Looking to the future, there are many difficult issues facing continued and expanded milk production. These include generational transition, federal milk pricing, input costs, workforce, waste management, and state regulations.
In an effort to understand better how these issues are playing out in northeast Ohio, a group of organizations developed a survey for dairy farms: OSU Extension, Geauga Growth Partnership, TeamNEO, Growth Partnership for Ashtabula County, Portage Development Board and the Youngstown-Warren Chamber of Commerce.
The goal of the survey was to learn more about the concerns and attitudes of dairy farmers in Ashtabula, Geauga, Lake, Portage and Trumbull counties. It is a given that milk and feed prices are a concern of all dairy farms, so this survey attempted to look beyond the scope of these two issues.
Plans and challenges
Forty-three percent of the 189 dairy farms surveyed replied to questions about their plans, prospects and challenges. Some of the notable survey results included data that showed that over 78% of the local dairy farms plan to continue to operate during the next five years in spite of the many challenges facing dairy operations. Almost 35% percent plan on increasing their herd size during the next five years adding an additional 818 cows in the region.
Limits on dairy farms?
The survey coalition was interested in learning more about what was limiting local dairy farms from expanding besides milk prices and input costs such as feed and fuel. The top three reasons cited include: land available to grow crops (60.8%), inadequate labor or unavailable labor (31.4%), and access to financing (29.4%).
Participants were asked about the facility improvements they plan on investing in over the next five years with the top three responses being: adding housing for heifers (55.0%), increasing cow comfort (51.7%), and improving their manure handling systems (35.0%). The top three management areas which improvement will be sought by managers over the next five years are: feed management (57.9%), genetic improvement (50.9%), and milking herd health management (45.6%).

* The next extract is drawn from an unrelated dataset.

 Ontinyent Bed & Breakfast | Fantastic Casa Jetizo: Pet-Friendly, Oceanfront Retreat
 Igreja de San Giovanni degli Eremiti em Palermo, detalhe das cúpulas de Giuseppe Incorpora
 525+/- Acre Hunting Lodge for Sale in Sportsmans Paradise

Each farm was also asked to respond to general issues affecting their farm. Respondents were asked to rank the importance of related topics to dairy farms and then provide qualitative feedback on their greatest success in dairy farming, their greatest concern for the future of dairy farming in Northeast Ohio, and to provide advice on how to maintain or increase regional milk production.
These responses can be found in the survey summary, which can be found at: http://go.osu.edu/NEOHdairysurvey.
I would like to thank all the dairy farms who took time to answer our questions and give us their comments on the problems facing dairy farming. The results will be of great help to OSU Extension and our partners as we plan educational programs and implement strategic programs to enhance the northeast Ohio dairy industry.
To close today’s column, I would like to share a quote from Lawrence D. Bell who stated, “Show me a man who cannot bother to do little things and I’ll show you a man who cannot be trusted to do big things.”